> [Input data]:
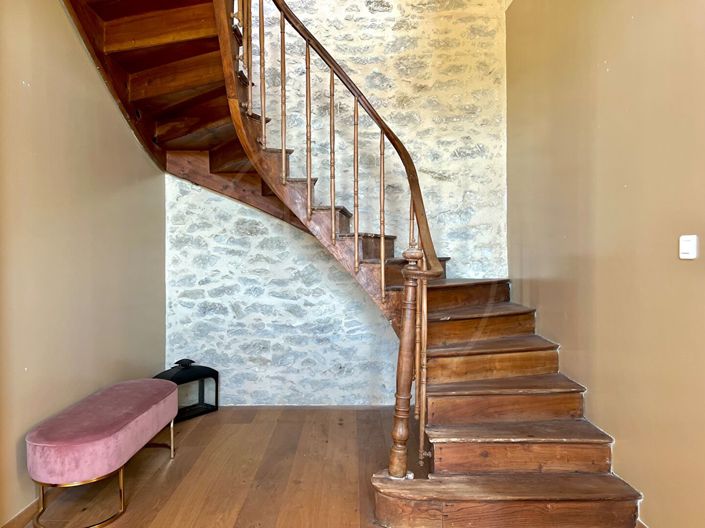 Image No.10-5 Bed House for sale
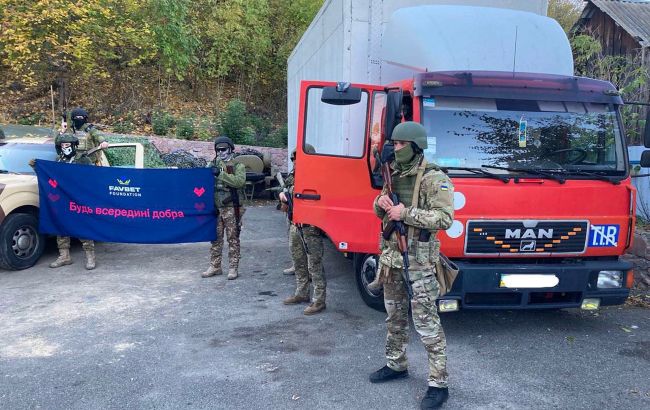 Favbet Foundation передав вантажівку для потреб Сил спеціальних операцій ЗСУ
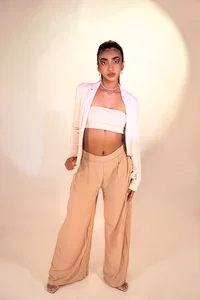 Hottie_Veronica 🍯 Sweet, intense... and dangerous. Bilde 2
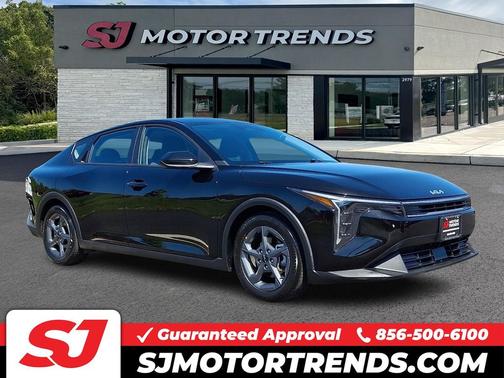 Aurora Black Pearl 2025 Kia K4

> [Task brief]: All that is needed here is the run of lines from the one containing "Favbet Foundation передав" through the end of the material above, reproduced exactly and without pictures.

> [Task solution]:
 Favbet Foundation передав вантажівку для потреб Сил спеціальних операцій ЗСУ
 Hottie_Veronica 🍯 Sweet, intense... and dangerous. Bilde 2
 Aurora Black Pearl 2025 Kia K4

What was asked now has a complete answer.